WATERFORD, CT — Congress probably will not allow the Department of Energy to build an interim storage site for nuclear waste any time soon, one of Capitol Hill’s foremost advocates for spent fuel solutions said this week.
Federal law passed as part of the Nuclear Waste Policy Act says the Department of Energy has to build a permanent storage facility before building an interim storage facility, and changing that law is too heavy a lift, Rep. Joe Courtney (D-Conn.) said during a roundtable discussion with Department of Energy officials held Tuesday.
“Have we reached a point where we can do a substantial amendment to the Nuclear Waste Policy Act? With my pundit hat on, I’d say at this point that’s still too big a hill to climb,” Courtney told RadWaste Monitor following Tuesday’s roundtable.
The Department of Energy must “show that there’s real progress being made” in handling nuclear waste volumes and safely transporting spent to spark action in Congress, Courtney said. “I think that’s going to create its own virtuous dynamic.”
The 1987 Nuclear Waste Policy Act is one of DOE’s largest obstacles in its latest attempt to site a federal interim storage facility. As written, the law does not allow the agency to build such a site until a permanent nuclear waste repository is active.
During his tenure in Congress, Courtney has repeatedly sponsored the Nuclear Waste Policy Amendments Act: legislation that among other things would have authorized DOE to establish facilities known as monitored retrievable storage sites to hold spent nuclear fuel until a permanent repository is established. The bill’s most recent iteration, introduced in 2019, never saw a vote in the House.
While a pair of private companies are planning interim storage sites near the border of Texas and New Mexico, DOE is trying to make as much progress toward siting a federal site as the law allows.
The main thrust of the current federal effort involves building a “consent-based siting consortia” comprising “multiple geographically and institutionally diverse” communities.
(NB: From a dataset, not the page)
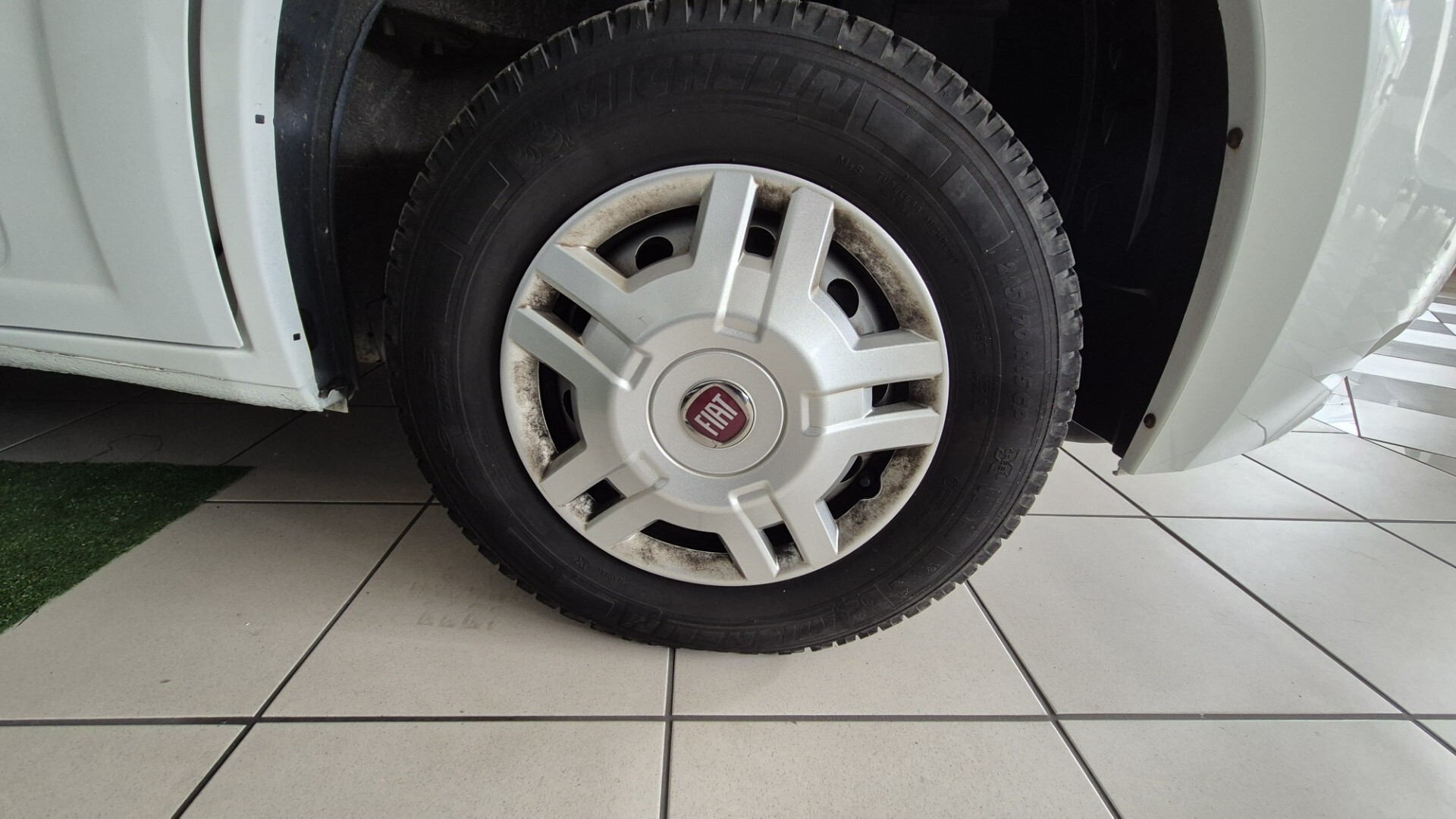 Mclouis TANDY 670G SEMITENGRALE 4 POSTI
Right now, DOE plans to spread $16 million in funding among six to eight awardees over roughly two years, according to a funding opportunity announcement issued in September. The deadline to apply is Jan. 31.
The only site designated as a permanent repository under the Nuclear Waste Policy Act — Nevada’s Yucca Mountain — has been little more than an abandoned construction site since 2010, when the Barack Obama administration pulled the project’s funding.